From Release to Adoption: Challenges in Reusing Pre-trained AI Models for Downstream Developers
For downstream developers and researchers, this work provides a taxonomy of challenges in reusing pre-trained models, highlighting the need for better support in model reuse.
This study analyzes 840 PTM-related issue reports from 31 open-source projects, identifying seven key categories of challenges downstream developers face when reusing pre-trained models. It finds that PTM-related issues take significantly longer to resolve than non-PTM issues, with variation across categories.
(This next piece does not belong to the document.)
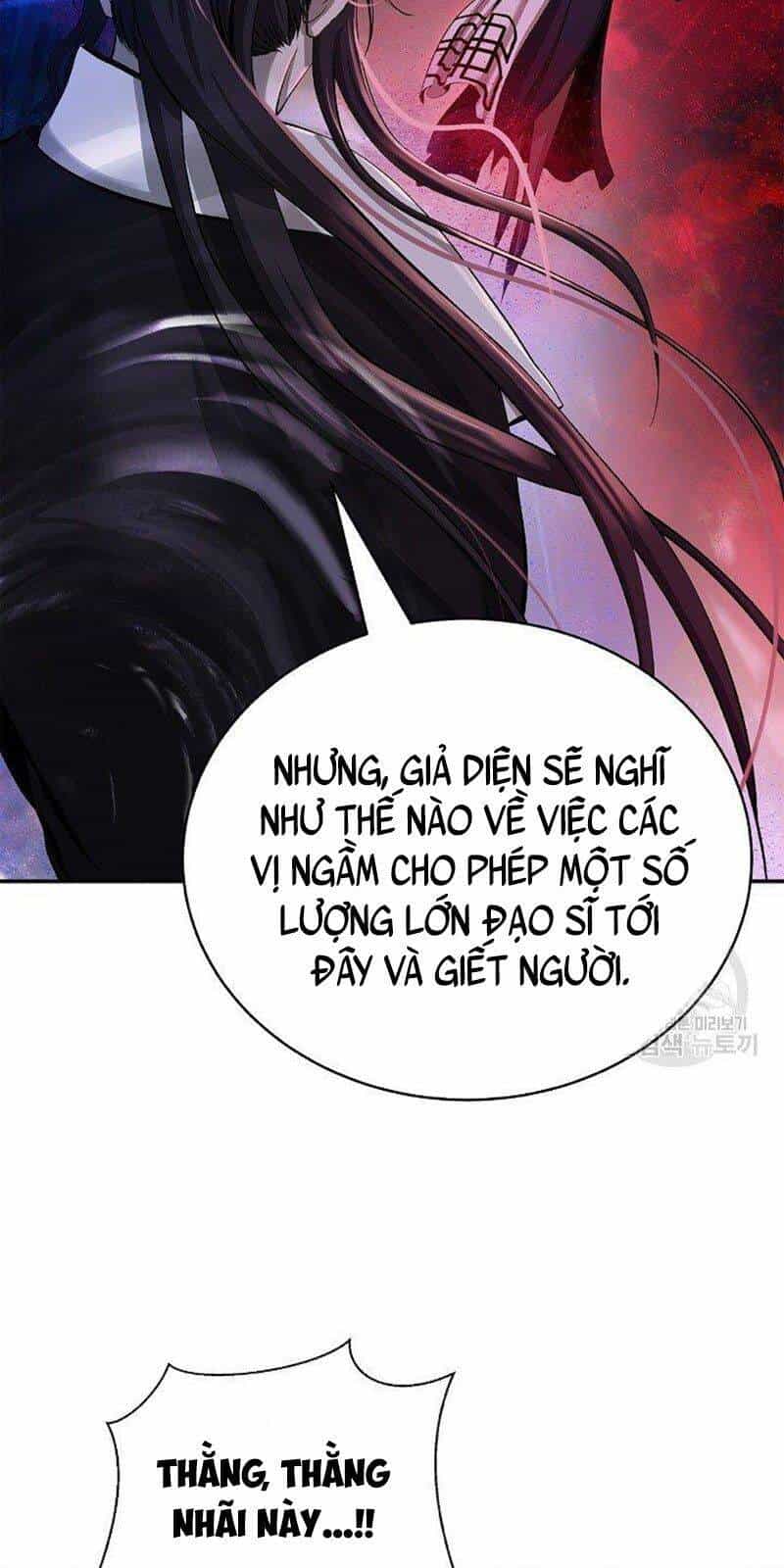 Lãng Tiên Kỳ Đàm - Chương 69 - ảnh 20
Pre-trained models (PTMs) have gained widespread popularity and achieved remarkable success across various fields, driven by their groundbreaking performance and easy accessibility through hosting providers. However, the challenges faced by downstream developers in reusing PTMs in software systems are less explored. To bridge this knowledge gap, we qualitatively created and analyzed a dataset of 840 PTM-related issue reports from 31 OSS GitHub projects. We systematically developed a comprehensive taxonomy of PTM-related challenges that developers face in downstream projects. Our study identifies seven key categories of challenges that downstream developers face in reusing PTMs, such as model usage, model performance, and output quality. We also compared our findings with existing taxonomies. Additionally, we conducted a resolution time analysis and, based on statistical tests, found that PTM-related issues take significantly longer to be resolved than issues unrelated to PTMs, with significant variation across challenge categories. We discuss the implications of our findings for practitioners and possibilities for future research.